**DATA SUPPLIED:**
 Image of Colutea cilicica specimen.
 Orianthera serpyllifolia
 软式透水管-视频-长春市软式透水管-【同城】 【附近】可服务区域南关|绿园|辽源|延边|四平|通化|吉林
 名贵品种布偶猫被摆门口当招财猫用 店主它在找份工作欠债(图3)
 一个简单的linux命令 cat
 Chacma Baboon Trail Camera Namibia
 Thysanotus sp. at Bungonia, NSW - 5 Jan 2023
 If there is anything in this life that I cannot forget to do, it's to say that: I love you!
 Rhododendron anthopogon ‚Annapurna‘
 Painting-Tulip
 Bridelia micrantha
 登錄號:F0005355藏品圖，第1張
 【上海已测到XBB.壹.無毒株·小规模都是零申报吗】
--
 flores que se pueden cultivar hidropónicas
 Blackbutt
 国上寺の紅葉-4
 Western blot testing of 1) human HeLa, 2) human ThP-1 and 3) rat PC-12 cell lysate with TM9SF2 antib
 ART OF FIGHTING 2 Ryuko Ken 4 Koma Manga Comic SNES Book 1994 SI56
---
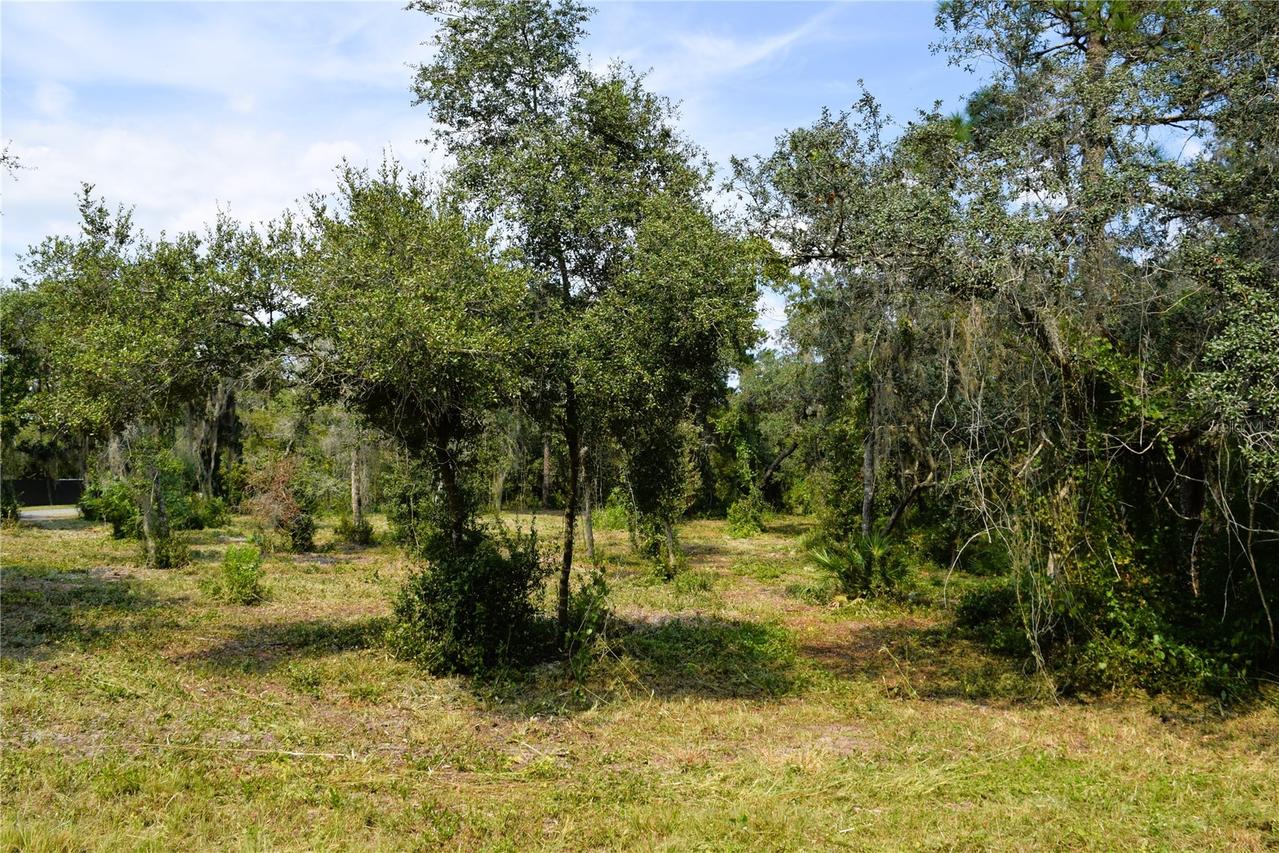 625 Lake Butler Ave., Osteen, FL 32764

**BRIEF:**
Restate word for word only the lines above from the line containing "Image of Colutea cilicica specimen." to the line containing "Thysanotus sp. at Bungonia, NSW - 5 Jan 2023", both of them included.

**EXERCISE ANSWER:**
 Image of Colutea cilicica specimen.
 Orianthera serpyllifolia
 软式透水管-视频-长春市软式透水管-【同城】 【附近】可服务区域南关|绿园|辽源|延边|四平|通化|吉林
 名贵品种布偶猫被摆门口当招财猫用 店主它在找份工作欠债(图3)
 一个简单的linux命令 cat
 Chacma Baboon Trail Camera Namibia
 Thysanotus sp. at Bungonia, NSW - 5 Jan 2023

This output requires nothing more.